井上さん:極端な話ですが、成長したい人は「自分が成長できるプロジェクトをやりたい」と言ったりします。たとえば、「英語力を伸ばしたいので、英語を使えるプロジェクトをやらせてください」などですね。
一方で、貢献を意識している人は、そういった選り好みはあまりしません。任されたプロジェクトを精一杯がんばるでしょう。
―――面談などで「どんな仕事をしたいか」と聞かれることも多いと思います。どんな仕事だと自分が一番貢献できるか、それを見つける方法はありますか?

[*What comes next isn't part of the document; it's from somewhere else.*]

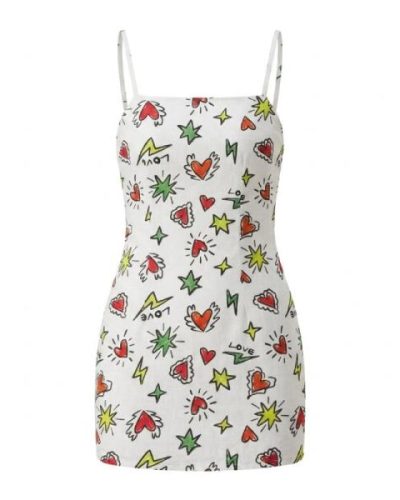 ASOS DESIGN square neck mini slip sundress in scribble heart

井上さん:なかなか難しい問題ですが、「○○をできるようになりたい」という自分の願望ではなく、「役に立ちたい」という貢献の気持ちで仕事をしていれば、会社やチームで自分が何を求められているのかがだんだんわかってくると思います。
もしわからない時には、「直属の上司の役に立つ」ことに集中するといいと思います。自分の仕事を見た上司の反応を観察していけば、自分がいちばん貢献できる仕事が、徐々に見えてくるでしょう。
会社やチームを好きになることが大切?
―――「貢献したい」という気持ちになるには、会社やチームのことが好きでないと、なかなか難しい気がします。

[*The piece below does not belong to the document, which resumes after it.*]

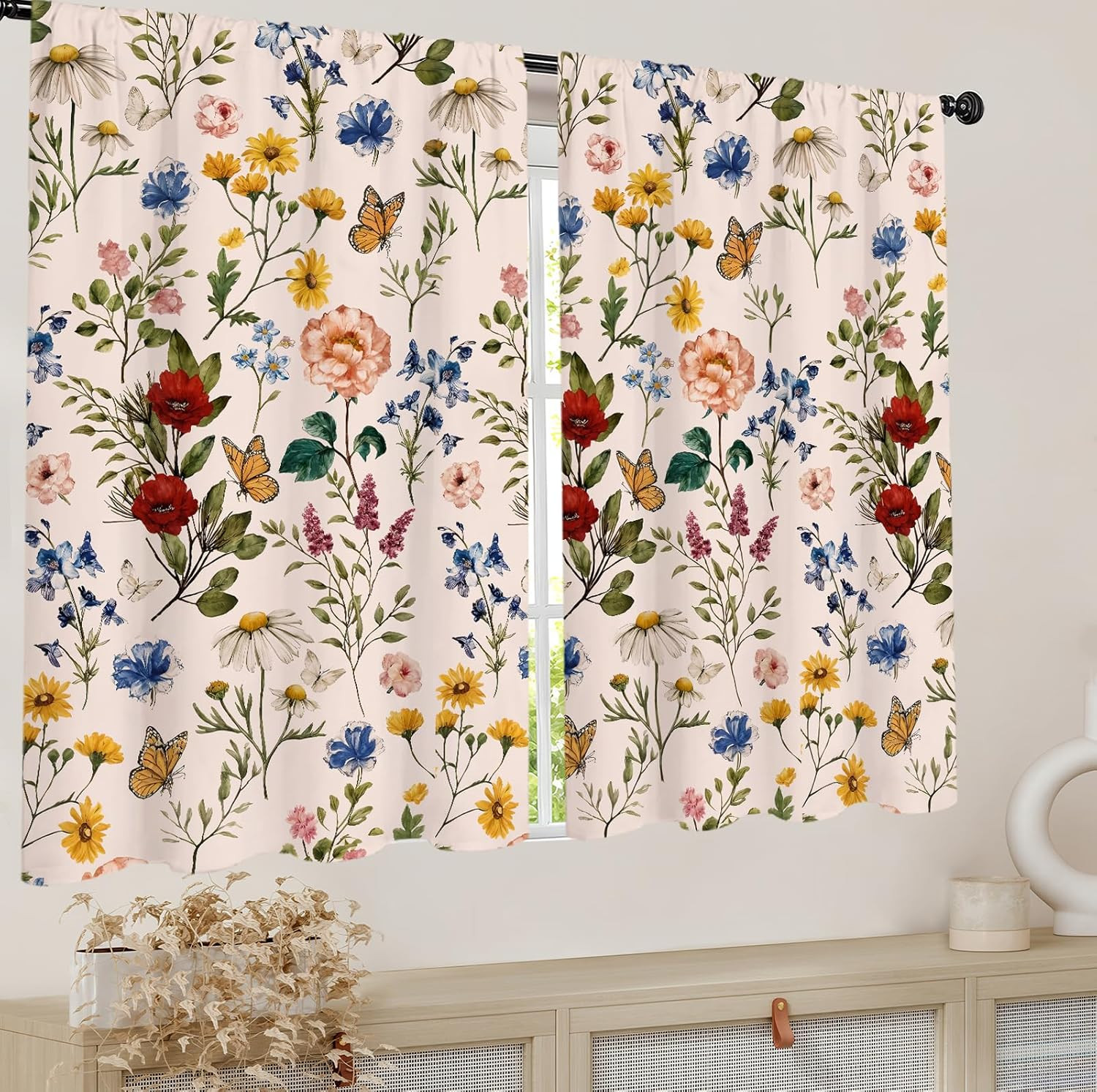 Vintage Floral Kitchen Curtains 27.5W X 39L Inch 2 Panels Farmhouse Flower Cotta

井上さん:それは非常に大事です。貢献したいという気持ちは、その会社やチームが好きであればあるほど生まれやすいものでしょう。
そのためにも、カルチャーフィットが重要になります。価値観や文化が合っている会社の方が好きな気持ちも強化されやすいですし、評価もされやすいので自信を深めやすく、結果、パフォーマンスも出しやすくなります。

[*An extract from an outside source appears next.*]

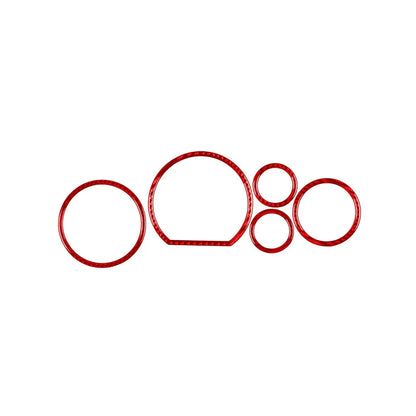 5x Red Carbon Fiber Speedometer Cover Trim for Toyota Tundra (2007-2013)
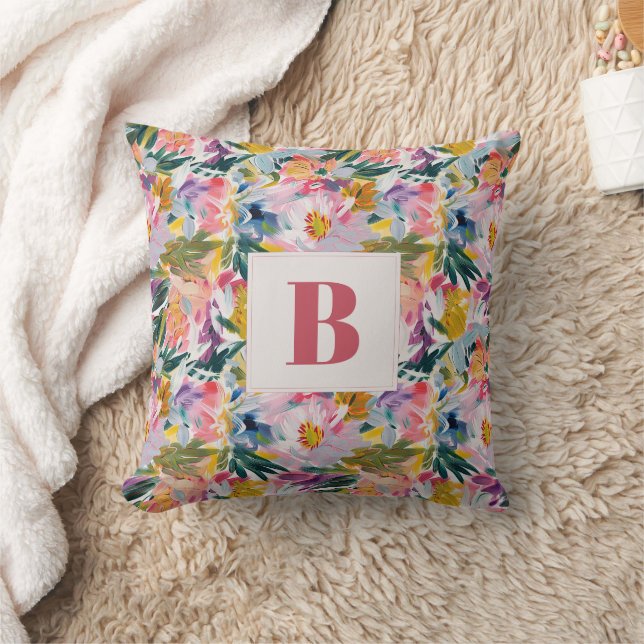 Elegant Pastel Pink Abstract Floral Monogrammed  Cushion (Blanket)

―――「この会社は自分に合うはず」と思って入社したら、思っていたのと違ったというパターンも多いと思うのですが、カルチャーフィットする会社を見つけるためのコツはあるのでしょうか。
井上さん:実際には、なかなか難しいと思います。
一言に「カルチャー」と言っても、「会社全体のカルチャー」と「部署やチームのカルチャー」が同じとは限りません。むしろ、違うことの方が普通だったりします。ですから、会社全体のカルチャーが自分に合っていると感じても、配属された部署やチームのカルチャーは全然違った、ということは起こりえます。上司やチームリーダーが変わった途端に、カルチャーが変わることもあるでしょう。